LinuxQuestions.org

LinuxQuestions.org (/questions/)
-   Linux - Newbie (https://www.linuxquestions.org/questions/linux-newbie-8/)
-   -   sort large data in large file - commands (https://www.linuxquestions.org/questions/linux-newbie-8/sort-large-data-in-large-file-commands-4175444819/)

smithy2010 01-09-2013 08:44 AM

sort large data in large file - commands
 
Hi there,

I have a document (700MB) that contains about 2-3 million lines of data,

Data format is like this:

xxx.yyy.zzz.aaa (IP address) date/time url link some numbers more numbers TCP_xxx:yyy

The ip address are in internal IP range and each IP address may be repeated several hundreds of times.
My aim is to sort IP addresses in some order (run sed command maybe) so that same IP address are grouped one below other etc….I want to sort report by IP address not by name and I don’t want to delete duplicates.
I had a go by using sed command but I got stuck. I run split command and broken down file to 20MB size, but still not joy, I just multiplied my problem.

Can someone advice on how to the archive above please.

Thank you in advance

Denis

schneidz 01-09-2013 08:45 AM

i think the sort command would be adequate.

theNbomr 01-09-2013 09:25 AM

Yes, sort sounds like all you need. Use the '-n' option to make it use numeric, rather than alphabetic order. It could take a while.
--- rod.

shivaa 01-09-2013 12:37 PM

Well, first thing is that there's no poing of sorting IP addresses, as they're simple numbers (and not any index like 1, 2, 3...), so no meaning of sorting like lower to hight or higher to lower. But in your case, I guess you want to sort (infact, extract) only unique IP addresses.

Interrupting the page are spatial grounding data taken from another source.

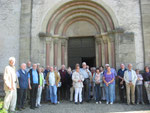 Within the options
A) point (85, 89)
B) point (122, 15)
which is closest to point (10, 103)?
point (85, 89)

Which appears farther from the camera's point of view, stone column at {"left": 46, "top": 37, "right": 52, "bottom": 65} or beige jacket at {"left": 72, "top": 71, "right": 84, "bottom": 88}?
stone column at {"left": 46, "top": 37, "right": 52, "bottom": 65}

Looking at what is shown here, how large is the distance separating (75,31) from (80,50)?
1.13 m

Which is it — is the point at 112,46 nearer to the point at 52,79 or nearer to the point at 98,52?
the point at 98,52

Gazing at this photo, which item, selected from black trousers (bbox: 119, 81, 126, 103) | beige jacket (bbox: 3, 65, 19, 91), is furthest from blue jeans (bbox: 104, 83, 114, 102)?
beige jacket (bbox: 3, 65, 19, 91)

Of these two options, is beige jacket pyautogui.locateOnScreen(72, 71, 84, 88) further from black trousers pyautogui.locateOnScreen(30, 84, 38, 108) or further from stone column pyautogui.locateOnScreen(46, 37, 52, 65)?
stone column pyautogui.locateOnScreen(46, 37, 52, 65)

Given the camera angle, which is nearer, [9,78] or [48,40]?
[9,78]

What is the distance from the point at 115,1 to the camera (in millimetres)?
8031

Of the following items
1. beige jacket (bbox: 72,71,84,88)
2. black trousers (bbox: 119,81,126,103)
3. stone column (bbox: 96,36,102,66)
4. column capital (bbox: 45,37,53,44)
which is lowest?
black trousers (bbox: 119,81,126,103)

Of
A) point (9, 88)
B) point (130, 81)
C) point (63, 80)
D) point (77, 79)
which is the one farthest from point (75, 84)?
point (9, 88)

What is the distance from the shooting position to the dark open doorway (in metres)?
8.95

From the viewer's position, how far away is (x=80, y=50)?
9.05 meters

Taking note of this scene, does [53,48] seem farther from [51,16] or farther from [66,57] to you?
[51,16]

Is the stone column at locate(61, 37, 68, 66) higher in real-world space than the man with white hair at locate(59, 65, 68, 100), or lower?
higher

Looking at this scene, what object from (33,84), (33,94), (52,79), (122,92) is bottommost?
(122,92) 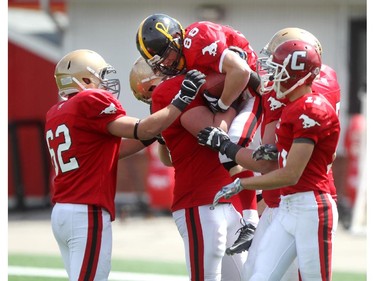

A simple uniq command will not help, but use of sort -u will be helpful. So, you can try with:-

Code:

awk '!_[$1]++' /path/to/file
Or,
Code:

sort -t" " -k1 -u /path/to/file
On the other hand, if you just want to group similar range of IP addresses, then you can use simple sort cmd, like this (but it will output the whole file, so use more filter to see output in page by page manner):
Code:

sort -t" " -k1 /path/to/file | more

alieblice 01-09-2013 01:06 PM

for speeding the process you can put your file in your ram . using this tutorial :
http://www.thegeekstuff.com/2008/11/...mpfs-on-linux/

shivaa 01-09-2013 01:15 PM

Quote:

Originally Posted by alieblice (Post 4866373)
for speeding the process you can put your file in your ram . using this tutorial :
http://www.thegeekstuff.com/2008/11/...mpfs-on-linux/

@alieblice: Where's the process in this link?

I have been doing sort/uniq operations on very large text files (even more than 2GB) and there's no problem with above mentioned commands with large files. Suggesting such incomplete link will just make things complicated and lead to confusion to OP.

alieblice 01-09-2013 01:46 PM

i didn't said theres process in that link .
""""
for speeding the process you can put your file in your ram . using this tutorial
""""
and he split hes file to smaller files so i taught he may have speed problems.
doing this for me make some times on big files.

smithy2010 02-03-2013 09:01 AM

Hi all,

thank you for your suggestions. Once I successfully complete this task, I'll update this post with my solution.

Cheers

Denis


All times are GMT -5. The time now is 08:11 AM.